**Provided material**:
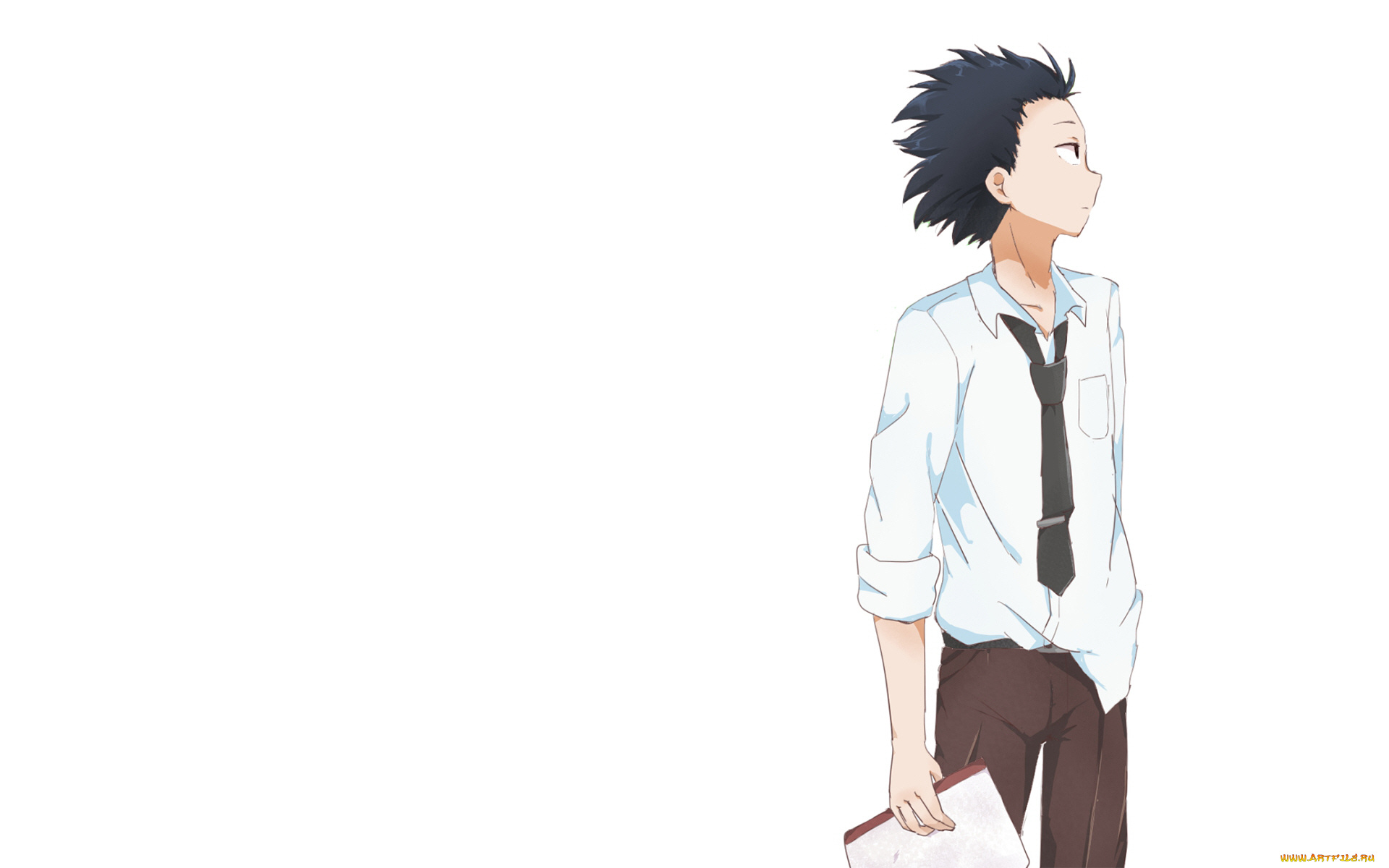 аниме, koe, no, katachi, форма, голоса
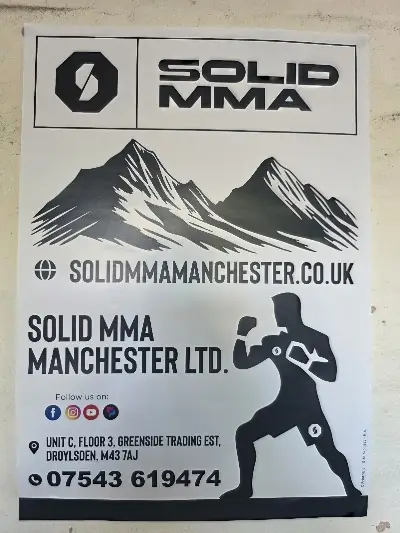 Solid MMA Manchester BJJ Academy - photo 1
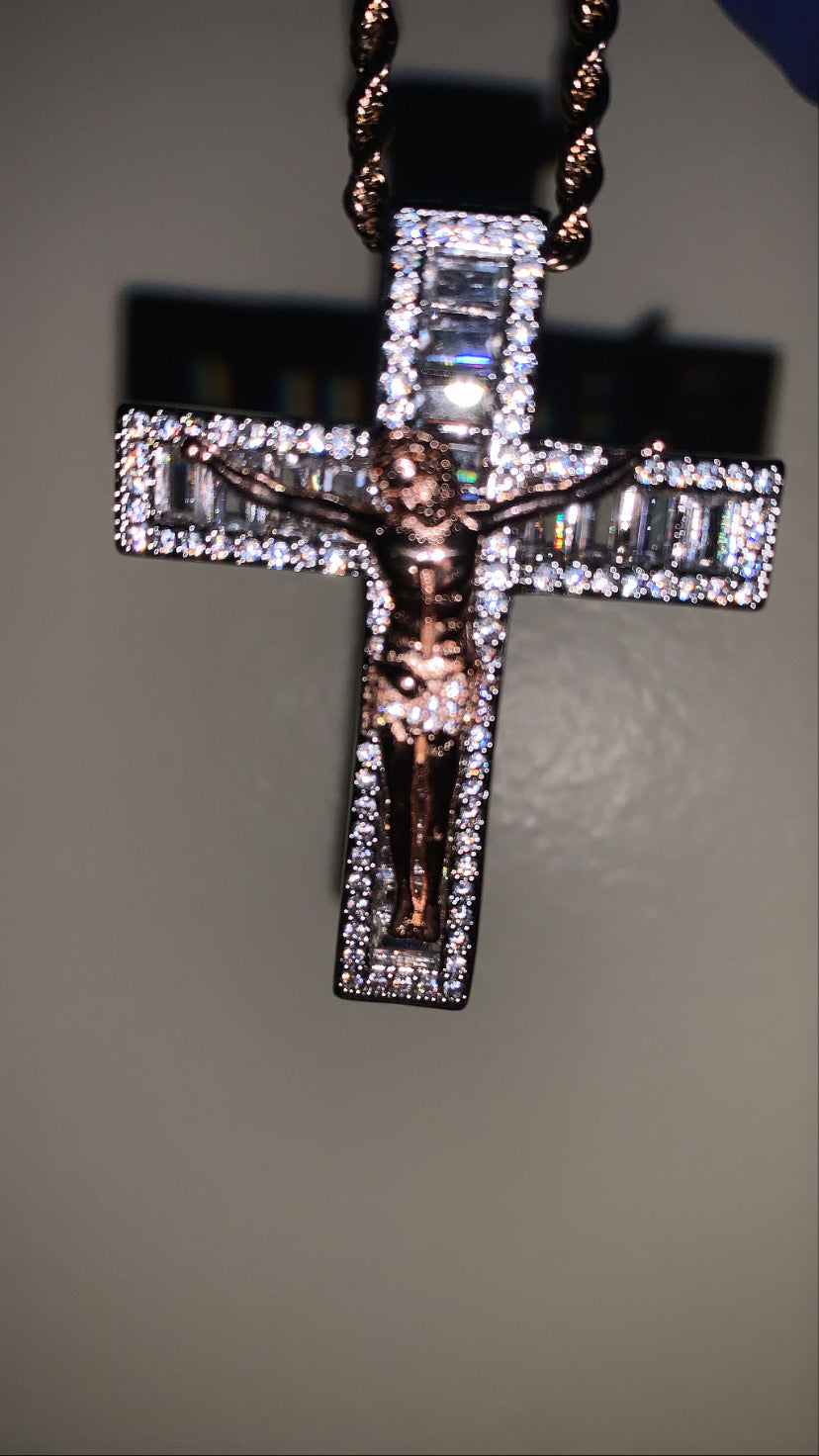 3D Jesus Piece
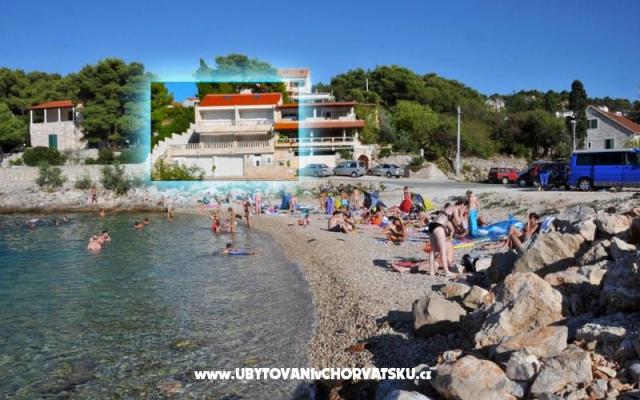 Villa Mileana – Hébergement île Solta Croatie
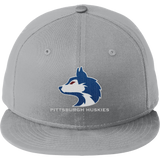 Pittsburgh Huskies New Era Flat Bill Snapback Cap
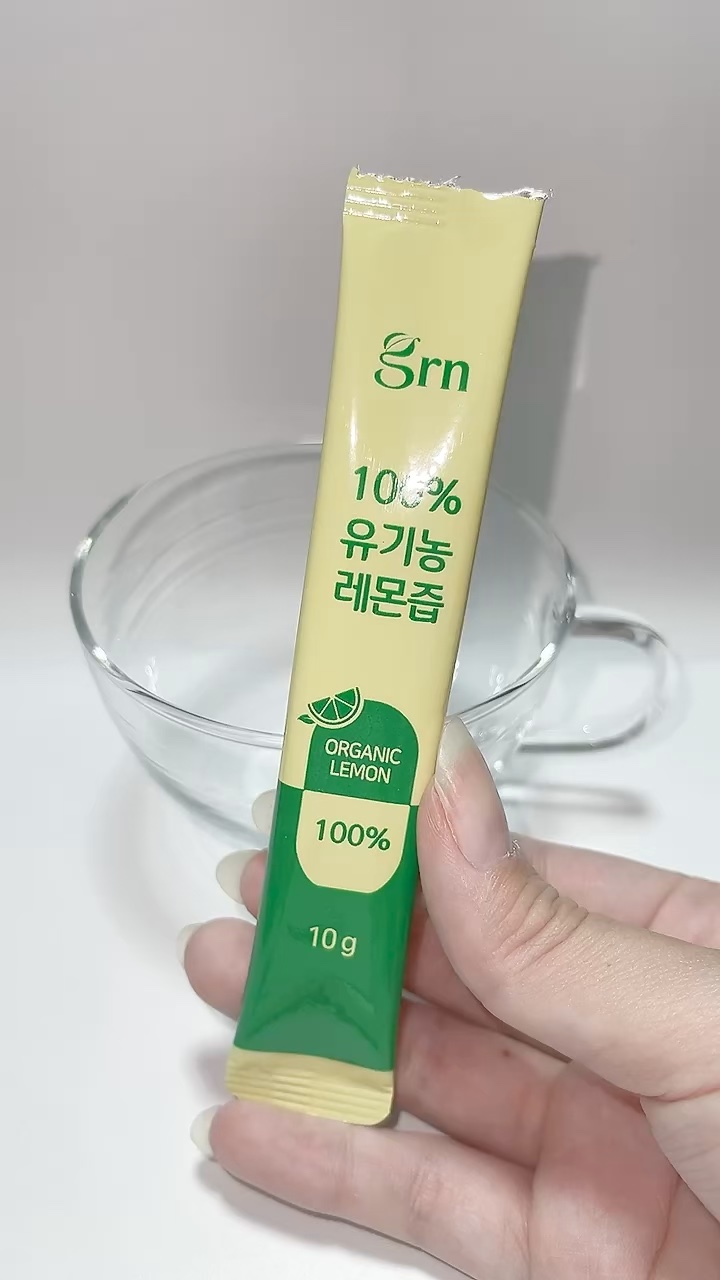 オリーブ・オイル＆有機レモン果汁/grn+/美容ドリンクを使ったクチコミ（1枚目）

**What you need to do**: Pictures stay out; everything else in the listing above gets repeated exactly.

**Problem solution**:
 аниме, koe, no, katachi, форма, голоса
 Solid MMA Manchester BJJ Academy - photo 1
 3D Jesus Piece
 Villa Mileana – Hébergement île Solta Croatie
 Pittsburgh Huskies New Era Flat Bill Snapback Cap
 オリーブ・オイル＆有機レモン果汁/grn+/美容ドリンクを使ったクチコミ（1枚目）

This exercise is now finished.